Perhaps Paul’s most famous, and misunderstood sermons, is found in Acts 17, where Paul preaches to the intellectuals in Athens atop the Areopagus (“Hill of Ares” = Mars Hill). The reason for this misunderstanding comes largely from our own ideas about what it means to contextualize the Gospel.
All it means to contextualize the Gospel is to put it into terms that a particular culture can easily understand. Preaching the Gospel in New Guinea is different than preaching it in London or Malawi or San Francisco. We all contextualize the Gospel. It is good and right to do. And Paul gives us a wonderful example in his sermon on Mars Hill. Acts 17 provides a summary of his words. He says:
“Men of Athens, I perceive that in every way you are very religious. For as I passed along and observed the objects of your worship, I found also an altar with this inscription, ‘To the unknown god.’ What therefore you worship as unknown, this I proclaim to you. The God who made the world and everything in it, being Lord of heaven and earth, does not live in temples made by man, nor is he served by human hands, as though he needed anything, since he himself gives to all mankind life and breath and everything… we ought not to think that the divine being is like gold or silver or stone, an image formed by the art and imagination of man. The times of ignorance God overlooked, but know he commands all people everywhere to repent, because he has fixed a day on which he will judge the world in righteousness by a man whom he has appointed; and of this he has given assurance to all by raising him from the dead.”
Paul speaks to these people on their own terms. He acknowledges their religious lifestyle, noting the gods they serve, and then he finds in their own religious practices a whole that only Jesus can fill. In an attempt to cover their bases, the Athenians had erected an altar to “an unknown god”, just in case they missed someone. And Paul seizes this opportunity, launching into a sermon in which He covers God as the Creator, Sustainer, and Redeemer of all things through Jesus.
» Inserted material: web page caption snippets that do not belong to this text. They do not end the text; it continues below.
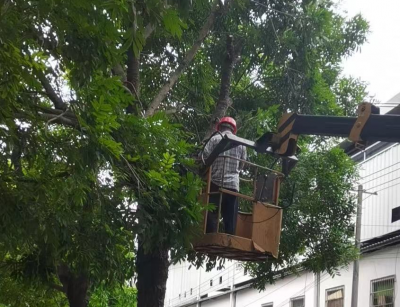 事事关心丨路树太茂密挡了灯光，园林部门高效修剪！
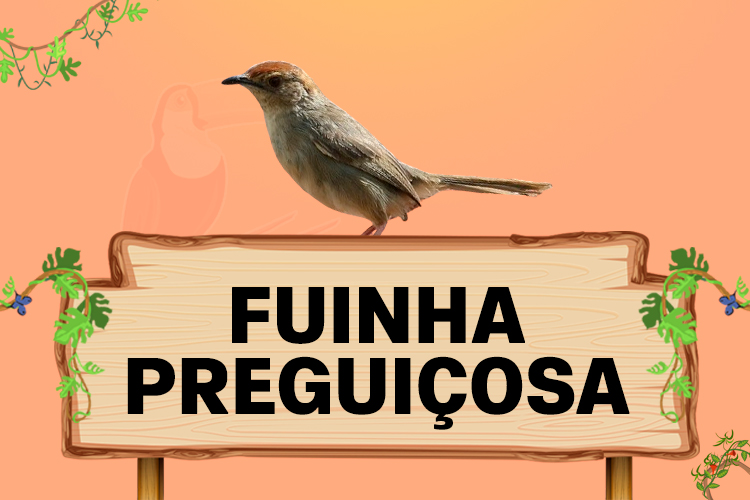 fuinha preguiçosa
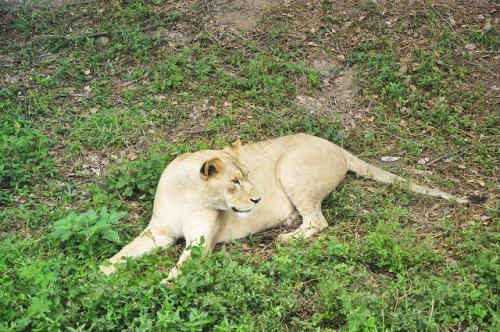 上海野生動物園１７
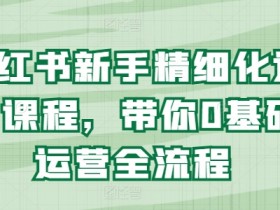 小红书掘金蓝海项目怎么玩，虚拟资料与流量引爆的秘密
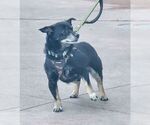 Small #3 Dachshund Mix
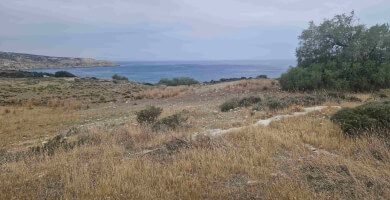 LAND PLOT 4.000 m² FOR SALE IN PITSIDIA Photo 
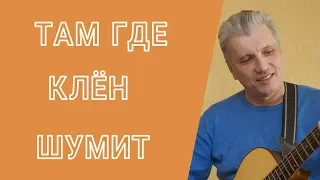 Там где клён шумит на гитаре .ВИА Синяя птица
So, what is there to misunderstand? Well, there is a line between making the Gospel understandable and making it palatable. A palatable Gospel is one that avoids hard sayings and difficult doctrines, one that concedes so much ground that it becomes the servant of our own ideals. There are some who think that this passage is an example of making the Gospel palatable and that we have the liberty, and even the obligation, to do the same.
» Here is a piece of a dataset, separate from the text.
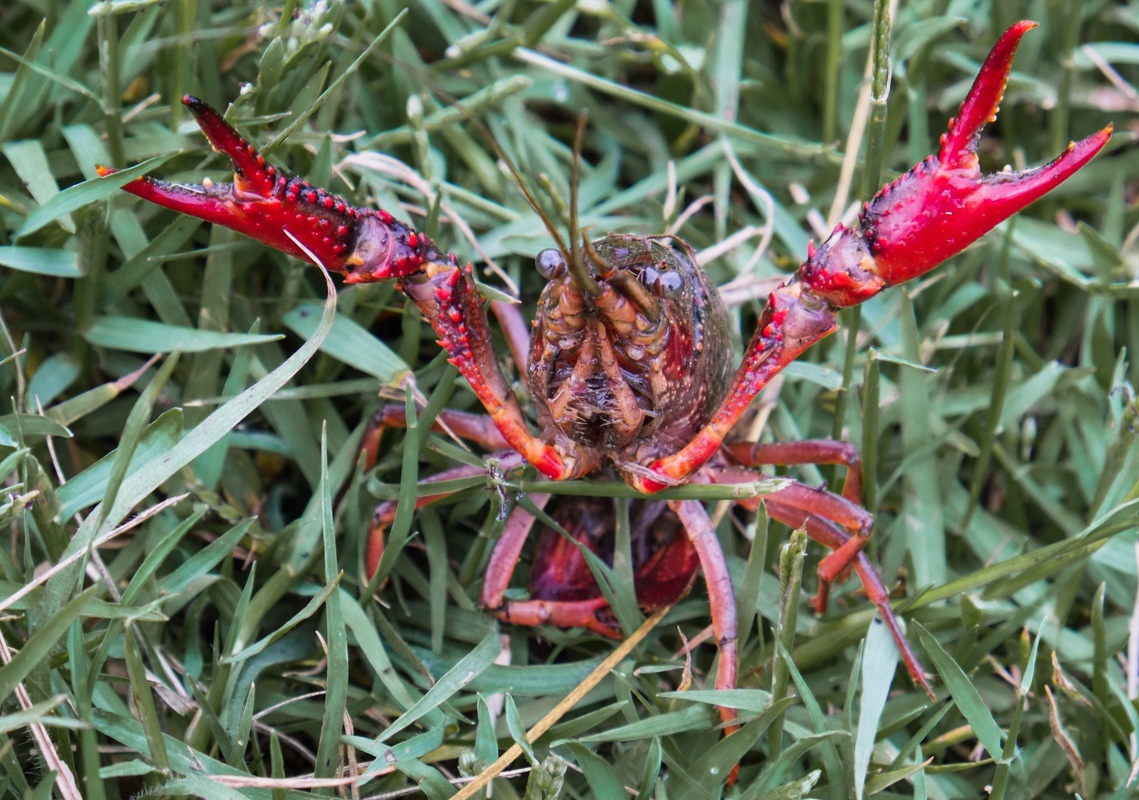 gambero rosso della louisiana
But Paul speaks of judgement for sinners and repentance as the means of acceptance by God. These are not palatable concepts, nor is the resurrection from the dead of the Man to whom we must repent. Paul may not say, “Jesus died so we can live” but he does make it clear that this “unknown god” is not unknown at all, in fact, He is THE God who matters and His plan from mankind is the only one that we are to follow.
This is not palatable, it is understandable. Paul shows us how to help people understand the Gospel on their terms without compromising God’s terms. So we must seek to do the same. Everyone living has a particular way of processing and understanding the world and one of the beauties of the Gospel is the fact that it speaks into everyone’s life and meets them where they are. Let us seek to follow Paul’s lead on this and truly bring the Gospel to those who need it.